Aunque la lluvia cae a baldazos, un peatón camina sin paraguas. Las gruesas gotas de agua lo evitan. Él no está mojado.
Este detalle sorprende a un automovilista que, con un gesto muy porteño, al pasar a su lado le hace un guiño con sus faros en señal de admiración.
El haz de luz choca con el negrísimo fieltro brillante del sombrero de ala ancha y copa muy alta que corona su cabeza, destella y la alumbra. Al hacerlo deja ver un rostro de tez nacarada con facciones estrambóticas, caricaturescas.
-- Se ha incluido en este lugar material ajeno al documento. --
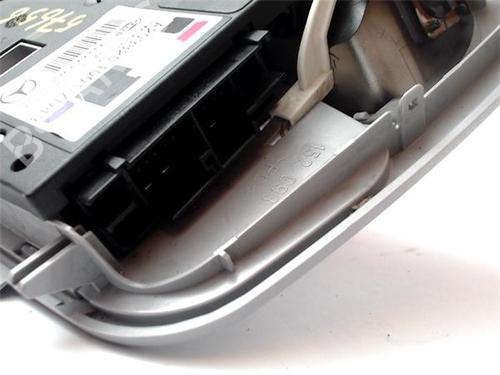 Interior roof light MERCEDES-BENZ C-CLASS (W203)  | BP14343816I8 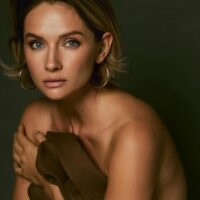 Ольга Сухарева Photo #59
El automovilista, intrigado por esa visión, por un instante lo imagina extraterrestre. Un escepticismo sobrador lo hace sonreír al recordar que un ingenio humano hace poco llegó a Marte.
Detiene el auto. Lo invade una irrefrenable curiosidad que lo empuja y obliga a conocer a ese personaje, a preguntarle cómo logra permanecer sin mojarse bajo tamaño aguacero. Su voluntad es arrollada por ese impulso irresistible. Baja del coche y se le acerca mientras lo baña el chaparrón, enfrentándolo hasta que sus alientos se mezclan.
El único ruido que acompaña al repiquetear de la cortina de agua sobre el asfalto es el del limpiaparabrisas, que evoca al de un metrónomo con ritmo de adagio que hipnotiza con su uniforme tac-tac.
El beso que sobreviene es salvaje y gélido.
Luego, codo a codo, son dos los caminantes a los que la lluvia no moja.